South Africa, Cape Town – South African Comprehensive Assessment Institute (Sacai) barred a matric pupil from writing her exams after she tested positive for Covid-19.
Sacai’s policies and guidelines do not make provision for candidates who tested positive for Covid-19 to write at their facilities, except after the 10-day isolation period, according to the school’s correspondence with the learners’ mother.
At public schools, Grade 12 learners, who test positive for Covid-19, are allowed to write their final National Senior Certificate (NSC) exam, but in isolation, the Department of Basic Education (DBE) said.
The DBE and Department of Health agreed that learners with Covid-19 should not be exempt from writing their finals and on special protocols to accommodate those pupils.
The mom said she had developed mild Covid-19 symptoms and went to get tested with her daughter (whose identity she asked to be withheld) as they were planning to travel after writing her last exam on Monday.

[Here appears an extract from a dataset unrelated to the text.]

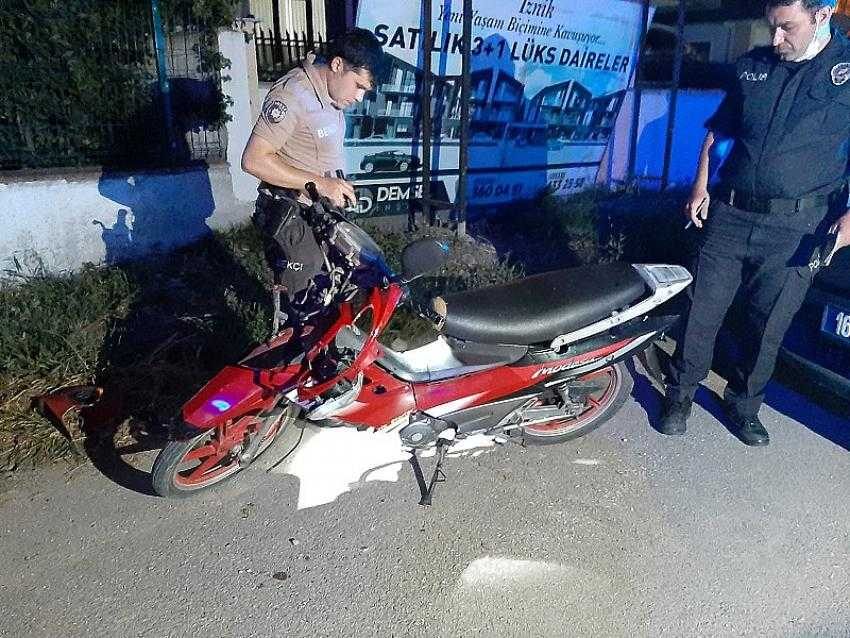 Köpeklerin saldırısından kaçtı, kaza yaptı: 2 yaralı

The mom’s results came out negative on Friday, while her daughter tested positive. “We figured out that she must have already been positive for some time as she had a blocked nose two weeks ago but no other symptoms.

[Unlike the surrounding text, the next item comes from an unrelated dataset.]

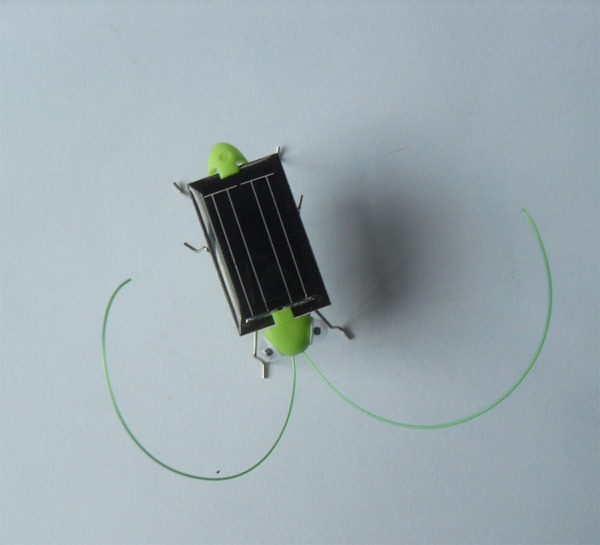 Educational & fashionable Solar Power Toys - Green Frightened Grasshopper, no battery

“The doctor reckons that this must have been the start of the Covid infection. As she had no other symptoms, she carried on writing her exam. Therefore the 10 days are already over.
“I informed the school of her status, expecting there would be a solution prepared for a case like this.
“To my surprise, there is no mitigation plan. The only answer of the head invigilator is that she can write again in 2021,” she said.
Sacai said an official response would be made today.
The mom said she also shared with the invigilator and Sacai a clearance letter from a doctor who said her daughter was not contagious anymore and was fit to write.
The mom now wants answers about why her daughter was prevented from writing her remaining subject, while learners who were allegedly in contact with her child were allowed to finish their exams.
“I don’t believe that this sends the right message to our learners. Exceptional times like this require exceptional and innovative solutions and should encourage the right behaviours.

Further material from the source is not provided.